Menteri Keuangan Sri Mulyani Indrawati menyampaikan paparan pada konferensi pers APBN KiTa di Jakarta, Kamis (13/3/2025). ANTARA FOTO/Dhemas Reviyanto/nz.

Penulis: Jay Akbar

Editor: Akbar Wijaya

RINGKASAN

Menyampaikan laporan Januari dan Februari secara bersamaan bukan praktik yang lazim, mengingat biasanya laporan realisasi APBN disampaikan setiap bulan secara terpisah.

Memasuki kuartal pertama tahun 2025, Menteri Keuangan Sri Mulyani Indrawati mengungkapkan kondisi terkini Anggaran Pendapatan dan Belanja Negara (APBN). Dalam konferensi pers APBN KiTa Edisi Maret 2025 yang berlangsung di Jakarta pada Kamis (13/3/2025) lalu, ia melaporkan bahwa hingga 28 Februari 2025, APBN mengalami defisit sebesar Rp31,2 triliun atau 0,13 persen terhadap Produk Domestik Bruto (PDB).

Defisit ini mencerminkan selisih antara pendapatan negara dan belanja negara yang telah terealisasi dalam dua bulan pertama tahun ini. Pendapatan negara hingga akhir Februari tercatat Rp316,9 triliun atau 10,5 persen dari target APBN 2025 yang ditetapkan sebesar Rp3.005,1 triliun.

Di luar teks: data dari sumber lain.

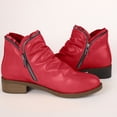 thumbnail image 4 of Drie Womens Fall Shoes Fashion Ankle Boots Women Low Heel Leather Stitched Ankle Booties Western Ladies Casual Shoes Red,6, 4 of 5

Meski demikian, Sri Mulyani menegaskan bahwa angka tersebut masih dalam batas aman sesuai dengan rancangan APBN 2025.

“Defisit APBN 2025 didesain Rp616,2 triliun. Jadi, defisit Rp31,2 triliun masih dalam target APBN, yaitu 2,53 persen terhadap PDB atau Rp616,2 triliun,” ujarnya dalam kesempatan tersebut.

Pajak Masih Mendominasi

Sebagian besar pendapatan negara berasal dari sektor perpajakan, dengan realisasi mencapai Rp240,4 triliun atau 9,7 persen dari target. Dari jumlah ini, Rp187,8 triliun diperoleh dari penerimaan pajak, sedangkan Rp52,6 triliun berasal dari kepabeanan dan cukai.

Selain itu, penerimaan negara bukan pajak (PNBP) juga memberikan kontribusi yang signifikan dengan realisasi sebesar Rp76,4 triliun atau 14,9 persen dari target. Angka ini menunjukkan bahwa sektor PNBP, yang mencakup pendapatan dari sumber daya alam, laba BUMN, serta layanan pemerintah, memiliki peran penting dalam menopang pendapatan negara.

Belanja Negara: Fokus pada Pusat dan Daerah

Di sisi pengeluaran, belanja negara hingga Februari 2025 mencapai Rp348,1 triliun atau 9,6 persen dari target tahunan sebesar Rp3.621,3 triliun. Belanja ini terbagi menjadi dua kategori utama, yakni belanja pemerintah pusat (BPP) dan belanja transfer ke daerah (TKD).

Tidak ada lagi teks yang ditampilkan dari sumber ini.